A Sunny Outlook for Solar Energy
Here’s some incredible news out of the Department of Energy (DOE): We can expand our solar energy 40-fold over the next 30 years, eliminate carbon emissions from the power grid and create a stunning $1.7 trillion in net economic and health benefits.
Here’s some incredible news out of the Department of Energy (DOE): We can expand our solar energy 40-fold over the next 30 years, eliminate carbon emissions from the power grid and create a stunning $1.7 trillion in net economic and health benefits.
DOE recently issued its Solar Futures Study, which showed how growing solar energy capacity from 78 gigawatts today to around 3,000 GW by 2050 can help decarbonize our electric grid while electrifying a big chunk of the rest of our energy system.
The study models ways to clean up the U.S. electric system, reducing CO2 emissions by 95 percent by 2035 and 100 percent by 2050. The DOE looks at achieving these goals both under a scenario with business-as-usual electricity demand and, more importantly, under a scenario where we electrify a lot of the rest of our energy system in buildings, transportation and industry. This decarbonization plus electrification scenario is important, because if we’re going to avoid the worst impacts of the climate crisis, we must replace direct fossil fuel use in vehicles and industry, too, and that will require a lot of electronification.
DOE’s study takes a remarkably broad look at what these scenarios mean for our country. It looks at costs, of course. A solar future will make the electric system cheaper through 2035 compared to business as usual. The grid will be a little more expensive in 2050 but the avoided climate damages and cleaner air lead to a net savings of $1.7 trillion.
The study also looks at solar through the lens of equity, an area where there is a lot of work to do. Just the inclusion of this section is a breakthrough. The study carefully walks through what is known and what needs to be researched in terms of the distribution of benefits, the distribution of costs, procedural justice and a just transition. A general conclusion is that we need to target a lot more effort and investment to make sure that the benefits of solar are more equitably shared and that the costs are more progressively distributed.
In addition, the study considers how solar may support new jobs growth. Currently the solar industry employs 230,000 people in the U.S. and, according to DOE, this number will grow to between 500,000 and 1.5 million by 2035.

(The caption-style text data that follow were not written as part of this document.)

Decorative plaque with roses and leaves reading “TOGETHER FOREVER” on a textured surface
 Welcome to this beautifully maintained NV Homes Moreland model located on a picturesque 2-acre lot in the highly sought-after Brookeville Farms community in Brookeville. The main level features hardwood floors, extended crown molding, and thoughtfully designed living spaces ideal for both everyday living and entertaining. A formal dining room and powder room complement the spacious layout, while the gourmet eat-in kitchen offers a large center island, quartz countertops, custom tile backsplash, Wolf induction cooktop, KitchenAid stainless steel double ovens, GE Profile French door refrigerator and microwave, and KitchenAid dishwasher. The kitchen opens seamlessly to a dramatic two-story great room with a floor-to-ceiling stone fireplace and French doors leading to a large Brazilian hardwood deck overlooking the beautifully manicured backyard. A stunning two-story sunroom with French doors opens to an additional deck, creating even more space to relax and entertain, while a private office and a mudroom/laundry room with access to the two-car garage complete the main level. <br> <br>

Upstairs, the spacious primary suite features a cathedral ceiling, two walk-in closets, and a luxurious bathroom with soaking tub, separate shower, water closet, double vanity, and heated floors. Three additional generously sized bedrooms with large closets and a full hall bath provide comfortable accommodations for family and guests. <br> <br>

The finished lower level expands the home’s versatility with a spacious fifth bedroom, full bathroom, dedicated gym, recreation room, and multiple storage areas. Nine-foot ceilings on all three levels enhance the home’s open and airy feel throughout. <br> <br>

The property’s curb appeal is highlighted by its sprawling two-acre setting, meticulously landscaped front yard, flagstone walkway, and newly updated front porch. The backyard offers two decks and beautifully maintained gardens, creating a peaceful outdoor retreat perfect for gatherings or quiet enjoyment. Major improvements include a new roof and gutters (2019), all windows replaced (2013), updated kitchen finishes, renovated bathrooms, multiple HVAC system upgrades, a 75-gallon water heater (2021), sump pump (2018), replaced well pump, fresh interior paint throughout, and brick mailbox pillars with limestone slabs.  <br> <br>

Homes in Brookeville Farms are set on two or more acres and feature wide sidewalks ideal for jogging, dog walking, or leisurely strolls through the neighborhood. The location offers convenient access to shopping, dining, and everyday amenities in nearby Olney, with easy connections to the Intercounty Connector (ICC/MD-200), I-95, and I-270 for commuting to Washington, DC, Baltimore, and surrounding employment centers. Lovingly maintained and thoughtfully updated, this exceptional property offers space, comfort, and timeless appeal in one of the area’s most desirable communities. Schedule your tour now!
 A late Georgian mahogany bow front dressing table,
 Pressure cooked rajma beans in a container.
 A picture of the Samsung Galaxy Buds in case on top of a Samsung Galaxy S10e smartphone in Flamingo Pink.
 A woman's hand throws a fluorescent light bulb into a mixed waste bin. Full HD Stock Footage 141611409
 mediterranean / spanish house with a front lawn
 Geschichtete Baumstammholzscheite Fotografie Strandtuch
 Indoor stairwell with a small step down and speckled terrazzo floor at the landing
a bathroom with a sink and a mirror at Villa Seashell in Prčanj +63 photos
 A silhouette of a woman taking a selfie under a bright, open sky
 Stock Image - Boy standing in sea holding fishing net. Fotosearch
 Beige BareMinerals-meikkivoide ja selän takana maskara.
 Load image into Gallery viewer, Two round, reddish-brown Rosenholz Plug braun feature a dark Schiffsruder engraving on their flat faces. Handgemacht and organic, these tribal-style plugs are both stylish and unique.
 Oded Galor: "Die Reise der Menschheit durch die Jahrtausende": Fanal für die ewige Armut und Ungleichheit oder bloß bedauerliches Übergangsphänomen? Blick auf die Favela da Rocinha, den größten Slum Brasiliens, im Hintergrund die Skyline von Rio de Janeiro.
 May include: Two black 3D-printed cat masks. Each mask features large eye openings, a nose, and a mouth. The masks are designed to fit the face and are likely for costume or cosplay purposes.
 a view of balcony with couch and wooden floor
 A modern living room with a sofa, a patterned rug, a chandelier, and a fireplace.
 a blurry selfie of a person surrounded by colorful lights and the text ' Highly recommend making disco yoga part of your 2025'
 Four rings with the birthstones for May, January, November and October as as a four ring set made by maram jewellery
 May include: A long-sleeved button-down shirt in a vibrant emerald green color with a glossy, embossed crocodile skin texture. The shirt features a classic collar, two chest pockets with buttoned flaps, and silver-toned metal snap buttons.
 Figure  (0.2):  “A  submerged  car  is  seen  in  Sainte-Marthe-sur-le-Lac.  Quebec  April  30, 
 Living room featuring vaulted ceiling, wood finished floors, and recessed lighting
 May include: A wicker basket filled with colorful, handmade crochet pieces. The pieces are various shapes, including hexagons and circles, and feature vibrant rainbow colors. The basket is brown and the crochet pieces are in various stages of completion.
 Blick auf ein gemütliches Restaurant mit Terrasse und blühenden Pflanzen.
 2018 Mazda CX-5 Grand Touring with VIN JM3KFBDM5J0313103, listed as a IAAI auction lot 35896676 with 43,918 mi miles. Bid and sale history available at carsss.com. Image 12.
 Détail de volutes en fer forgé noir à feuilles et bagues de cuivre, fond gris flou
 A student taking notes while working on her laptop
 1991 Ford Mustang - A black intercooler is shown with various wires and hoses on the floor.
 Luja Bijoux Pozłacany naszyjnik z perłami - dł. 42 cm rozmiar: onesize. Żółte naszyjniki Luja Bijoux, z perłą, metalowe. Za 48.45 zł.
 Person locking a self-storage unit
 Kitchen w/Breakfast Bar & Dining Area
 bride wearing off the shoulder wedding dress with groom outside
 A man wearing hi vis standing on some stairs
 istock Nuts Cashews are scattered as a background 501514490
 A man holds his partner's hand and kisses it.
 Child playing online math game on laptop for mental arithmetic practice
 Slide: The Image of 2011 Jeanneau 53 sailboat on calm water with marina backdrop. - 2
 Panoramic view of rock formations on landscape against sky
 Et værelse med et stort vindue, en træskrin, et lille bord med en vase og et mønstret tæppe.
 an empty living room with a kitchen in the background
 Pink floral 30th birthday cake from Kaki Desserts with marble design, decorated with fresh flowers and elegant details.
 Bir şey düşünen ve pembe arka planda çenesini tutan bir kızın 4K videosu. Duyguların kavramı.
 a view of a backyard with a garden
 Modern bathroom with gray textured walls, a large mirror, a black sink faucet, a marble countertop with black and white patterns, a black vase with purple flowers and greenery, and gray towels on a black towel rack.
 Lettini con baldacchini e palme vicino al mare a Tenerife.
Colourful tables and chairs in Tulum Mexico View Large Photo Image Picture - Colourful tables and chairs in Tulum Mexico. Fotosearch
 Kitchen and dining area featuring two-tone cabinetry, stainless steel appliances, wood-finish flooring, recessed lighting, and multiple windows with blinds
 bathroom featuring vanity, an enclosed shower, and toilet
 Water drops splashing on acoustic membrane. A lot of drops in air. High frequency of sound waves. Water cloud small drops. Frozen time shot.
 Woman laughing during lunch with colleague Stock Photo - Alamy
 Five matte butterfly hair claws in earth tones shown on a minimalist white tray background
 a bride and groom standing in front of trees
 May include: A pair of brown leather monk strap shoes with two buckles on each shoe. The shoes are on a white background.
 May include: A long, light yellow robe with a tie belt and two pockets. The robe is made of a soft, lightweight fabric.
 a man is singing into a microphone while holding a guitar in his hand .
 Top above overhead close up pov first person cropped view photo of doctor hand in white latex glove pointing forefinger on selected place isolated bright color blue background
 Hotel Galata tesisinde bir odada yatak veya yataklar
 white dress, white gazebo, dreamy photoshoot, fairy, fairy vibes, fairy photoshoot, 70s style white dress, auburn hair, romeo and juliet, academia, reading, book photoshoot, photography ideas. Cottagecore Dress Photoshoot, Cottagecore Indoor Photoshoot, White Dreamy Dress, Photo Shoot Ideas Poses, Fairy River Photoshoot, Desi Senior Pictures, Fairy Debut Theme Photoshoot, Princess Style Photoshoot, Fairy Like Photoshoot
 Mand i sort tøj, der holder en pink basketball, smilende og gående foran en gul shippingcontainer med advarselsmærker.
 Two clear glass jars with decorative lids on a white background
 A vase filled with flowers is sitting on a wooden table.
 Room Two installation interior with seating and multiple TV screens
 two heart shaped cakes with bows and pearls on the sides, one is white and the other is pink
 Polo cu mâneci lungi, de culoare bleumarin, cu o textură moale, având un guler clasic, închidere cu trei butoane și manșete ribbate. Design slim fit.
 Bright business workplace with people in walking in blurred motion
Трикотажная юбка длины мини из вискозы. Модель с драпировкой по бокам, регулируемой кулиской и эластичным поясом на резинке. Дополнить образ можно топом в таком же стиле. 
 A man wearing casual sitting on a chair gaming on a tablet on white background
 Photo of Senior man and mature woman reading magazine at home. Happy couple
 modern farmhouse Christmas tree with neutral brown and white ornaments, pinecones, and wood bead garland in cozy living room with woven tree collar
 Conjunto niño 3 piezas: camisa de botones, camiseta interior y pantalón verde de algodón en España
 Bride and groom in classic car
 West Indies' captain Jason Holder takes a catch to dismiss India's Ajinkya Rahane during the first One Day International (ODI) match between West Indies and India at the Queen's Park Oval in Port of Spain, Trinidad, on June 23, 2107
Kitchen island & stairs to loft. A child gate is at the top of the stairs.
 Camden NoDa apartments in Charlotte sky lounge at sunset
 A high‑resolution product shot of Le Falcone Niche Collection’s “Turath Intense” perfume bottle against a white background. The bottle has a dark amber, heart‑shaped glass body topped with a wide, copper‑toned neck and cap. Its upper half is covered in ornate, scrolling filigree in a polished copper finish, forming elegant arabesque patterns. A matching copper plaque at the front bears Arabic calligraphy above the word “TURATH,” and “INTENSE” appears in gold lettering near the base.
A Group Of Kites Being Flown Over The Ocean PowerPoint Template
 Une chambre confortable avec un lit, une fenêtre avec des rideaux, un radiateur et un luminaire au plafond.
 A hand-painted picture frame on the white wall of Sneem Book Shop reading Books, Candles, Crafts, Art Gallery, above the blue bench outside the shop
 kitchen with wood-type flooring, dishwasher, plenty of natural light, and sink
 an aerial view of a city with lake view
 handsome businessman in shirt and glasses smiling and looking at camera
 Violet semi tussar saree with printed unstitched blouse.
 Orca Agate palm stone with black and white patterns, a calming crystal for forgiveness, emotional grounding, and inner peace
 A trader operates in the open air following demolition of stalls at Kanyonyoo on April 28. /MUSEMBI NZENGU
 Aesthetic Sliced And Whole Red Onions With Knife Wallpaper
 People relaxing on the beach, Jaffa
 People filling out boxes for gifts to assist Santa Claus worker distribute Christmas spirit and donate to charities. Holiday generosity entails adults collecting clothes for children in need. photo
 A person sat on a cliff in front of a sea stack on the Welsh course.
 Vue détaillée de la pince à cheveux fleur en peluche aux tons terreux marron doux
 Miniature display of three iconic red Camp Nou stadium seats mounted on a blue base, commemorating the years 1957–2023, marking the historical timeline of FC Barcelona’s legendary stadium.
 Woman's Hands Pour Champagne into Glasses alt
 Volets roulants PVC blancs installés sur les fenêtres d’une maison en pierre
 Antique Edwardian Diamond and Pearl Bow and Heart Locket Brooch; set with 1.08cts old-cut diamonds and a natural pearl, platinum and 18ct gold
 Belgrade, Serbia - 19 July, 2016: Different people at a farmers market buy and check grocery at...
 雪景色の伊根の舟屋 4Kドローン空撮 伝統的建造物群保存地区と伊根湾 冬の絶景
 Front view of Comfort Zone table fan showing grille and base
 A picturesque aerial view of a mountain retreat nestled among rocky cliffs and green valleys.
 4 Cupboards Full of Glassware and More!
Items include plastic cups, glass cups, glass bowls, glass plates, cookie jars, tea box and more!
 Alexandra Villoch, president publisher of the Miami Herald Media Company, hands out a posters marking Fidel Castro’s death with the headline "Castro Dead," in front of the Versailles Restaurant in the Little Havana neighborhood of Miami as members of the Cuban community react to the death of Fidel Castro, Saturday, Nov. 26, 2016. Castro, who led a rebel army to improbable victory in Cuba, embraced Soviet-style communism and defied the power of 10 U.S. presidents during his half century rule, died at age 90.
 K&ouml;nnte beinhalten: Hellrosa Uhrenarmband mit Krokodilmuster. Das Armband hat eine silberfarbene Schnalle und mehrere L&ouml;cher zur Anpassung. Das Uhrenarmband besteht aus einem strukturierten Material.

The study also considered deployment rates, sector by sector use, geographic distribution, water use impacts, and land. For instance, utility scale solar projects take land, but the maximum land used by solar in DOE’s analysis is just 0.5% of the surface area of the United States, and that’s less than 10% of the disturbed land that’s suitable for solar. The study provides a helpful discussion of ways to further mitigate these land impacts, concluding that while land acquisition will be a challenge for solar, there’s no need to sacrifice high-value landscapes to achieve a clean energy future.
Given the climate disasters facing our nation this year—from Hurricane Ida to the wildfires in California—some have begun to despair about our ability to address climate change. This wonky solar study, however, should give us hope. We can make the transition to cleaner energy, and we can do it in a way that creates jobs, cleans up the air and preserves our most treasured landscapes.
This is great news. Now, let’s get to work.